In bringing the application to certify a class proceeding, the plaintiff argued that liability could be established on a class-wide basis and without proof of harassment or harm suffered by any putative class member. The plaintiff sought the extraordinary remedy of a disgorgement of the defendant’s profits, a rarely granted remedy that is conceptually based on a defendant’s “wrongful gain” and not based on any proof of loss by the claimant. The plaintiff alleged that the defendant had achieved “costs savings” by failing to develop or implement adequate anti-harassment policies and practices, and argued that this amount ought to be disgorged to the class members.
The Court found that the claim did not meet the requirements for certification as a class action proceeding. The Court noted that there was no apparent reason why the unusual relief sought by the plaintiff would be preferable to the direct remedies that are available under the Canadian Human Rights Act to address workplace harassment, which the plaintiff had chosen not to seek. The Court reasoned there would be other more practical and efficient means for class members to bring their claims (if any such claims exist) including individual and systemic remedies under the Canadian Human Rights Act, collective bargaining and grievance arbitrations for unionized employees, and individual or multi-plaintiff court actions wherein proof of harassment or harm could be assessed by a trier of fact.
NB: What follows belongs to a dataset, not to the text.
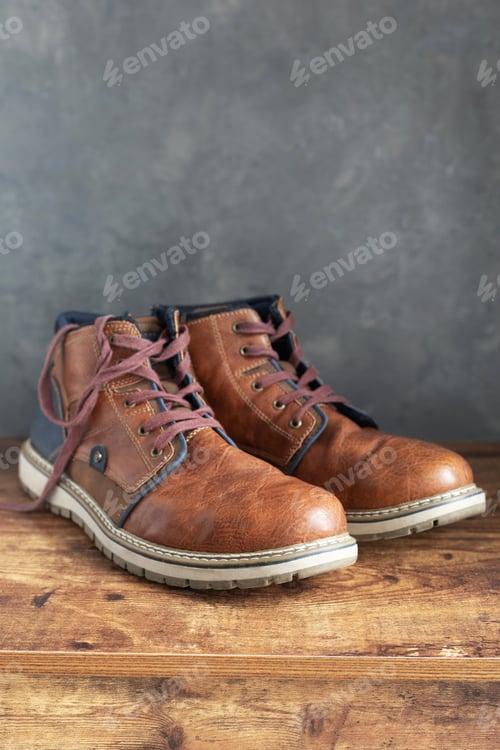 Preview: travel vintage old boots shoes at wooden desk table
The decision confirms the importance of administrative bodies in responding to harassment in the workplace, including human rights commissions and tribunals, which are accessible to claimants, possess specialized subject matter expertise on workplace harassment, and can implement direct, systemic remedies. Courts have an important role to play as well, through a variety of causes of action that relate to workplace harassment, however a class action will not be viable in circumstances where the proposed proceeding is disproportionately complex and time-consuming in light of the more readily available alternative remedies.